Directions for this task - Leaving out all pictures, transcribe the lines below exactly, from the first through the line containing "Sky Jewelry Серебряная".

Raw data -
##########

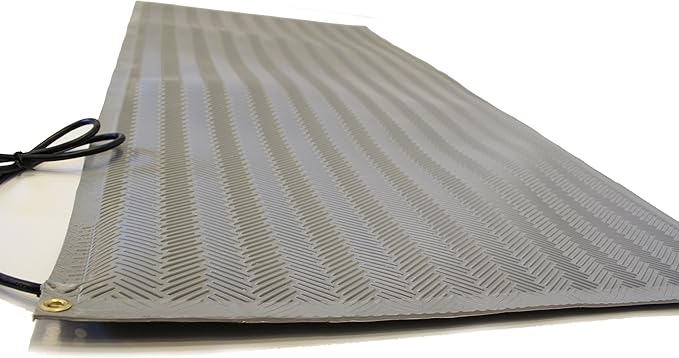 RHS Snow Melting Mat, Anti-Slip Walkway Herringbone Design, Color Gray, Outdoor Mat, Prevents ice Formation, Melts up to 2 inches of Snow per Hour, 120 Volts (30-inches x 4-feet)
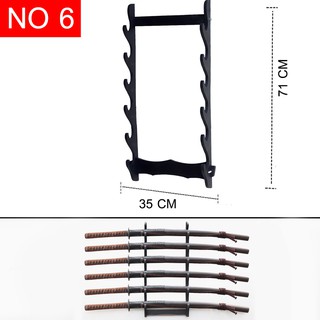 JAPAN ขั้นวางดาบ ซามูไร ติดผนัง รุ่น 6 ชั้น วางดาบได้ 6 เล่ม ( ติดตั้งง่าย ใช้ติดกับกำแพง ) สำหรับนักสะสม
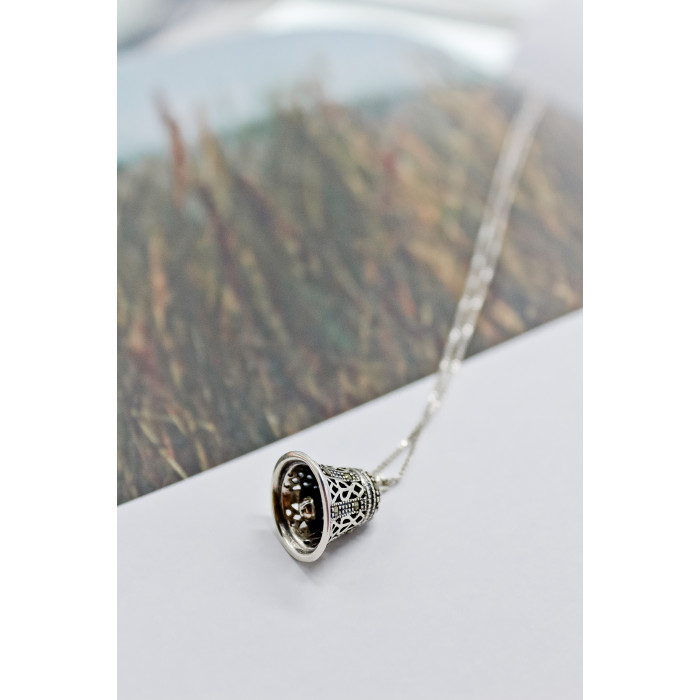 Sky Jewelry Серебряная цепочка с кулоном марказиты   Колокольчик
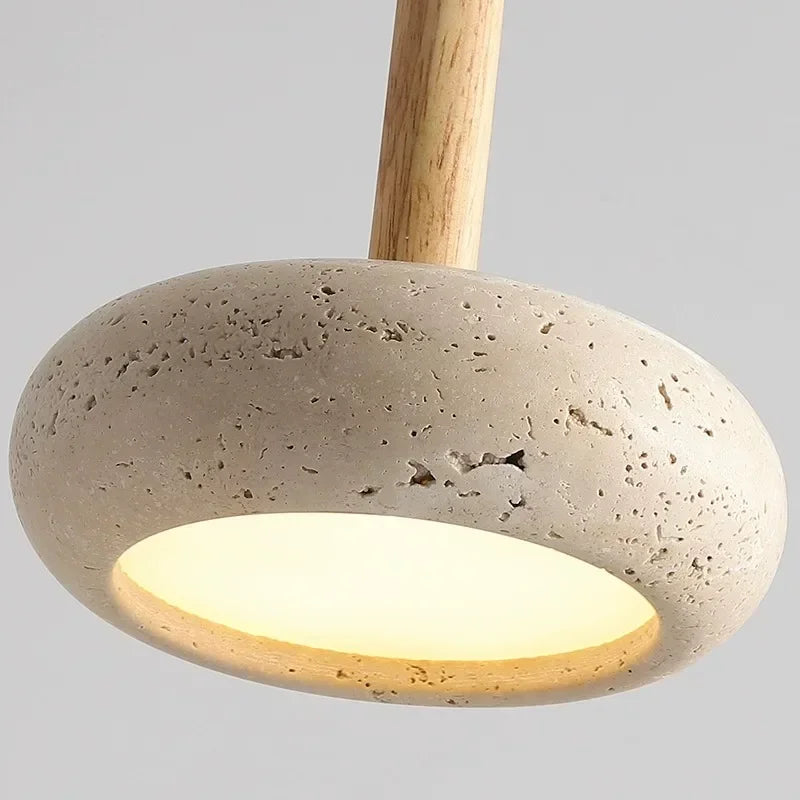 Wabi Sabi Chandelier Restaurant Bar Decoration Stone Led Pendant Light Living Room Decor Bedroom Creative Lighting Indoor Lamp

##########

Reply -
 RHS Snow Melting Mat, Anti-Slip Walkway Herringbone Design, Color Gray, Outdoor Mat, Prevents ice Formation, Melts up to 2 inches of Snow per Hour, 120 Volts (30-inches x 4-feet)
 JAPAN ขั้นวางดาบ ซามูไร ติดผนัง รุ่น 6 ชั้น วางดาบได้ 6 เล่ม ( ติดตั้งง่าย ใช้ติดกับกำแพง ) สำหรับนักสะสม
 Sky Jewelry Серебряная цепочка с кулоном марказиты   Колокольчик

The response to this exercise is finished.